The owners think they will capture the bulk of their television/radio revenues, with ratings perhaps rising in a period when fans are unable to attend any games in person and are desperate for sports. But you have to wonder how the networks will respond if half the stars are absent. Lawsuits?
The response from the players is two-fold: (1) Reduce the costs to the owners by deferring part of the stars’ salaries, and (2) raise the revenues by increasing the season from the proposed 82 games to 114 games.
The deferral is a good idea. By 2021 it’s likely the pandemic will be much less a problem than it is today, and the bottom line for all sports should be improved.
But the 114-game offer points to greed by the players. This format would push the entire postseason into November and December. Forget New York, Boston, Chicago, Cleveland, Minneapolis, Washington. Most playoff series would have to be played in neutral warm-climate locations.
This battle between owners and players is reminiscent of the disastrous 1994-95 labor war that resulted in the cancelation of a World Series.
The players won in the courts, but the owners won in the court of public opinion. Which turned out to be a defeat for everyone. Fans were angry with the players, and attendance and television viewership lagged for the next four years.
Now, as then, Major League Baseball claims enormous financial losses but refuses to reveal its books. Max Scherzer, hero of the last World Series, tweeted: “MLB’s economic strategy would completely change if all documentation were to become public information.”
Not that there’s doubt Commissioner Rob Manfred is truthful when he says more than $4 billion will be lost if a baseball season cannot be played. But the owners seem to think they’re entitled to a profit every year. Perhaps they should try for a $2 billion loss instead of a $4 billion deficit.
The incredible escalation of franchise values indicates owners make far more money than they admit. Which is why they hide the books. They enjoy a monopoly protected by their unique antitrust exemption. They force taxpayers to provide them stadiums to discourage them from fleeing to another city.
The Chicago Cubs dug themselves into a short-term financial hole by borrowing heavily to make ballpark improvements. We live in an era of cheap debt, where corporations consider it bad business to store money in the bank as a reserve for unexpected catastrophe.
When coronavirus strikes, the baseball owners call on the players to bear most of the cost and all of the health risk.
The most prosperous player agent, Scott Boras, recommended: “Players should not agree to further pay cuts to bail out the owners. Let owners take some of their record revenues and profits from the past several years and pay you the prorated salaries you agreed to accept or let them borrow against the asset values they created from profits that players generated.”
Whatever happens, it needs to happen this week. Beyond that, it will be nearly impossible to have training camp, a regular season of any size and a postseason with any meaning. Fans will be furious. They will hate the players, but they won’t feel much empathy for the owners.

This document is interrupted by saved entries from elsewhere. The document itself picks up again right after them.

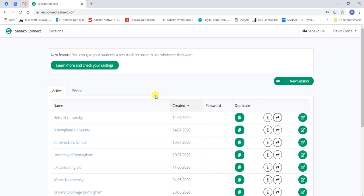You will then be directed to your Active Sessions landing page. Select the session you wish to access by clicking the Join Session button.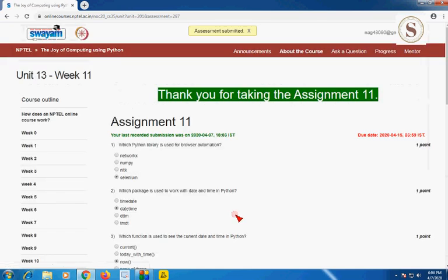I have completed the assignment. So guys, if you like this video, please subscribe to my channel. Our channel has crossed 800 subscribers — thanks to all for being part of this. Please like this video and share it with your friends.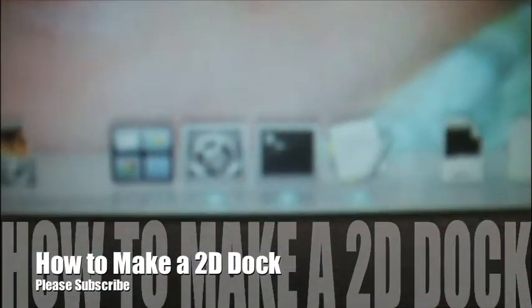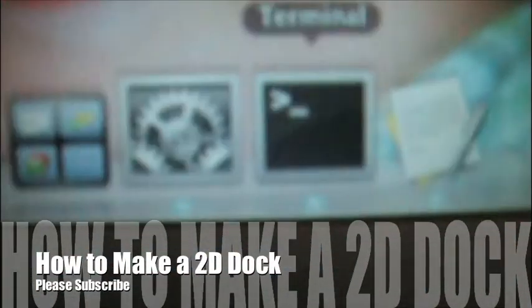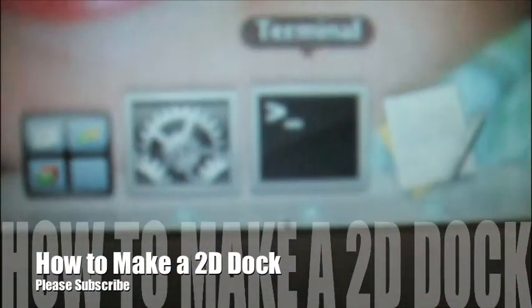Okay, so this is how you make a 2D dock. I'm going to go into Terminal. And I have all this stuff here, so I'm just going to make a new window.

The long-term damage could be even worse than it was in the Nineties, when there was much less competition for sports and entertainment dollars than there is today. NASCAR is booming again; golf and international soccer are resuming. Baseball is thriving in South Korea and is restarting in Japan.
Even before COVID-19, baseball in America was skidding, burdened by cheating scandals, slow play, and stars lacking charisma. It’s a sad irony that those who run the most enduring of our sports are incapable of thinking beyond short-term bottom line.